Vatican Bank clean-up identifies 5,000 suspect accounts

View of the Vatican headquarters of the Institute for Religious Works
AFP

Vatican City (AFP) – A clean-up of the Vatican bank has been completed, with the final tally of suspect accounts that had to be closed nearing 5,000, the Holy See’s financial watchdog said Thursday.

Unveiling the 2015 annual report of the Financial Information Authority (FIA), its director Tommaso Di Ruzza said a three-year examination of the scandal-hit Institute of Religious Works (IOR), as the bank is officially known, was now finished.

“We took a very strict line towards any accounts that were not in compliance (with Vatican legislation) and now finally the process of closures is done,” Di Ruzzo told a Vatican press conference. “A total of 4,935 were closed and that is a final figure.”

The FIA was established in 2010 by now-retired Pope Benedict XVI to bring the Vatican’s financial institutions into line with international standards designed to reduce the risk of accounts being used for nefarious purposes.

IOR account holders in the past have included mafia figures and it became notorious around the world because of a 1980s scandal centred on the death of banker Roberto Calvi, whose corpse was discovered hanging under Blackfriars bridge in London.

At the same time as it established the FIA, the Vatican signed up for external evaluation by Moneyval, a European body that combats money laundering and the financing of terrorism.

Moneyval reported in December that the Vatican had addressed most of its structural weaknesses.

But it also questioned why no indictments or prosecutions had ensued as a result of the evidence of wrongdoing gathered and handed to prosecutors.

In its latest report, FIA said it had been alerted to 544 suspicious transactions last year, mainly involving possible tax evasion.

That was more than three times the number registered in 2014 (147) but FIA President Rene Brulhart said the spike was likely as a result of more zealous monitoring.

– Insider trading –

“In a process like this you always set a low threshold for reporting to create awareness.

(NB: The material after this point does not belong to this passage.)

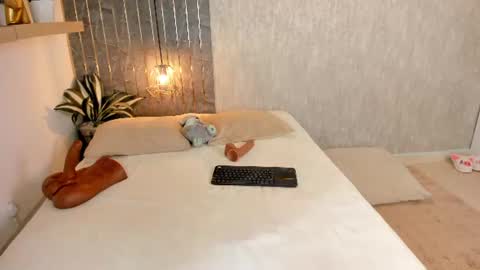 emmazc_ online show from August 8, 8:31 pm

I hope in 2016 the figure will be back to normal. Of course ideally we would like a zero figure but that is not realistic.”

The 544 suspect transactions resulted in 17 reports being handed over to Vatican prosecutors, including at least one which included evidence of insider training on a major stock market.

Prosecutors believe Calvi’s 1982 death was linked to money laundering via the Vatican bank.

It emerged nearly 30 years later that the Vatican still had no idea of the identity of thousands of IOR account holders and that some accounts were held by people with no apparent connection to the Church or its charitable works.

Others contained secret slush funds used for off-the-books spending by Vatican departments, according to books published recently by two Italian journalists, who are now on trial for conspiring in the leak of classified documents.

Vatican efforts to put its finances in order initially accelerated after Pope Francis’s election in 2013. But an economic reform commission he established has since been disbanded and three of its members are currently on trial with the journalists.

Moves to have all the Vatican books externally audited have also been a start-stop affair.

PricewaterhouseCoopers (PwC) were appointed in December to do the job by powerful Australian cardinal George Pell, the head of the Vatican’s economic secretariat.

But PwC’s $3-million contract was suspended last week on the orders of a rival department, the secretariat of state, leaving Pell “a little surprised.”